Let me tell you how I learned about Desiderio Alberto Arnaz y de Acha III.
It turns out that last July, I was sitting on a park bench trying to cool off from the unbearable heat of my native city of Santiago de Cuba along with another person who also writes for Havana Times.
She suddenly asked me if I had ever heard of Ricky Ricardo. She then went on to tell me that he was a leading character in the old television sitcom “I Love Lucy.” The series had been filmed in the United States in the 1950s and had a Cuban actor in the principal male role; the character’s name was Ricky Ricardo.
She also told me that the series was so famous in the US that even youth today are familiar with it and that the series had helped Cuban men to be seen by Americans as good lovers.

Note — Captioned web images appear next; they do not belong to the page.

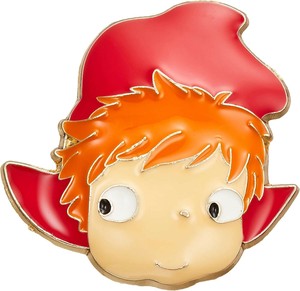 スタジオジブリ　崖の上のポニョ　レリーフピンバッチ　ポニョ　アクセサリー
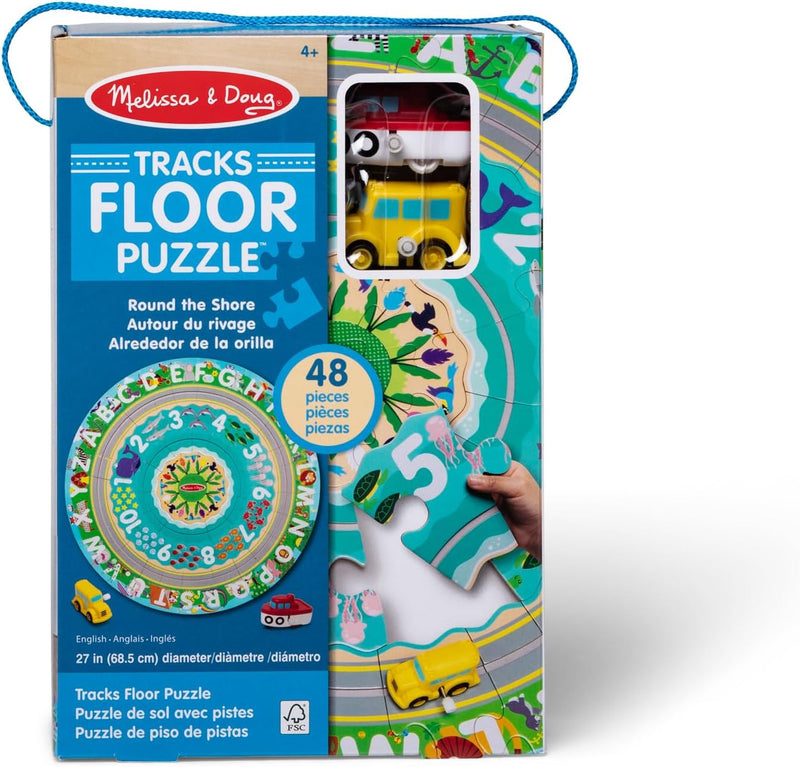 Melissa & Doug - Round the Shore Floor Puzzle & Play Set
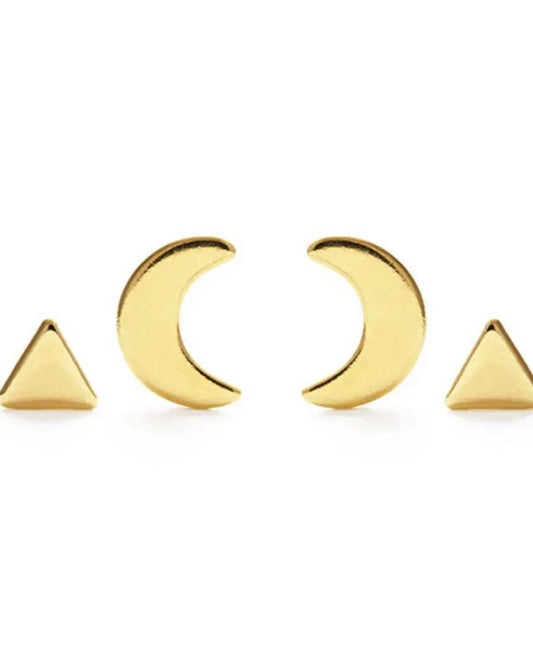 Amano Studio Mystic Combo Studs in Gold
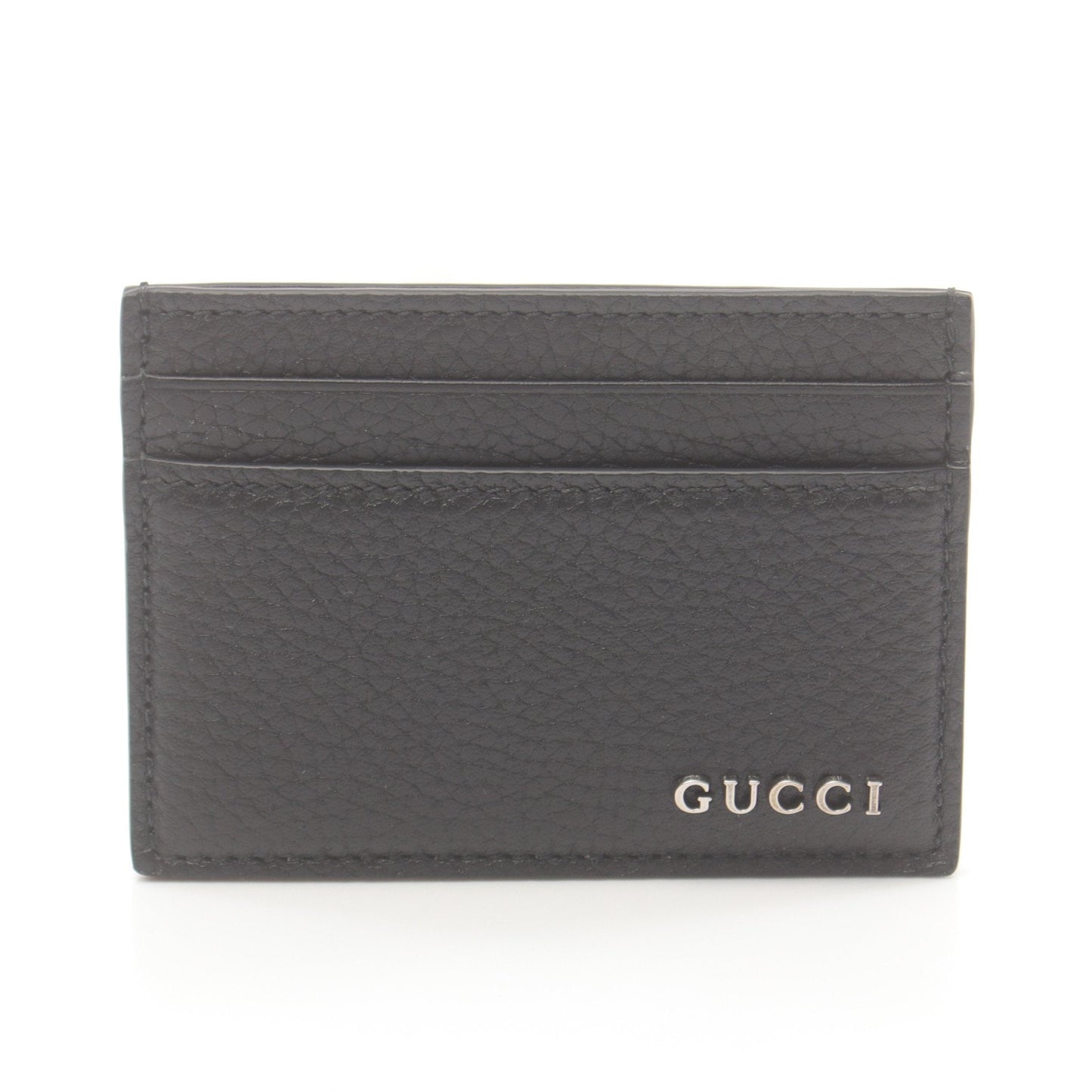 Luxury Gucci Trending 2025 Card case Name card holder Leather Black Logo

I recently read an interview conducted by Alfredo Prieto (the assistant editor of the Temas magazine and a writer with Havana Times) with three Cuban-American writers for the La Gaceta de Cuba magazine. From that I was able to learn several new facts about the actor Desi Arnaz.
There Prieto shows how one Cuban was perceived by Americans “with a mixture exoticism, assimilationism and paternalism; relations (according to him) that generally acted in the mainstream at that time to bring about a realization of the otherness of Cubans…”
There too, Prieto informs us that Arnaz arrived in the US in the 1930s because his parents had to escape Cuba after the fall of the dictator Gerardo Machado, since his father had been the first mayor of Santiago de Cuba and a member of the Congress during the brutal Machado administration.
A few days ago an old friend, the journalist Lino Betancourt, returned from the recently concluded Cubadisco trade fair that had been held in Santiago de Cuba. He had what was for our country a strange book in his hands: “A Book, by Desi Arnaz” (The personal memoirs of “Ricky Ricardo,” the man who loved Lucy). Although the book was published in English, I received it with a pleasant surprise.
On the cover of that biography we’re shown the young Desi Arnaz playing a conga drum while at the same time revealing a furtive smile for the camera.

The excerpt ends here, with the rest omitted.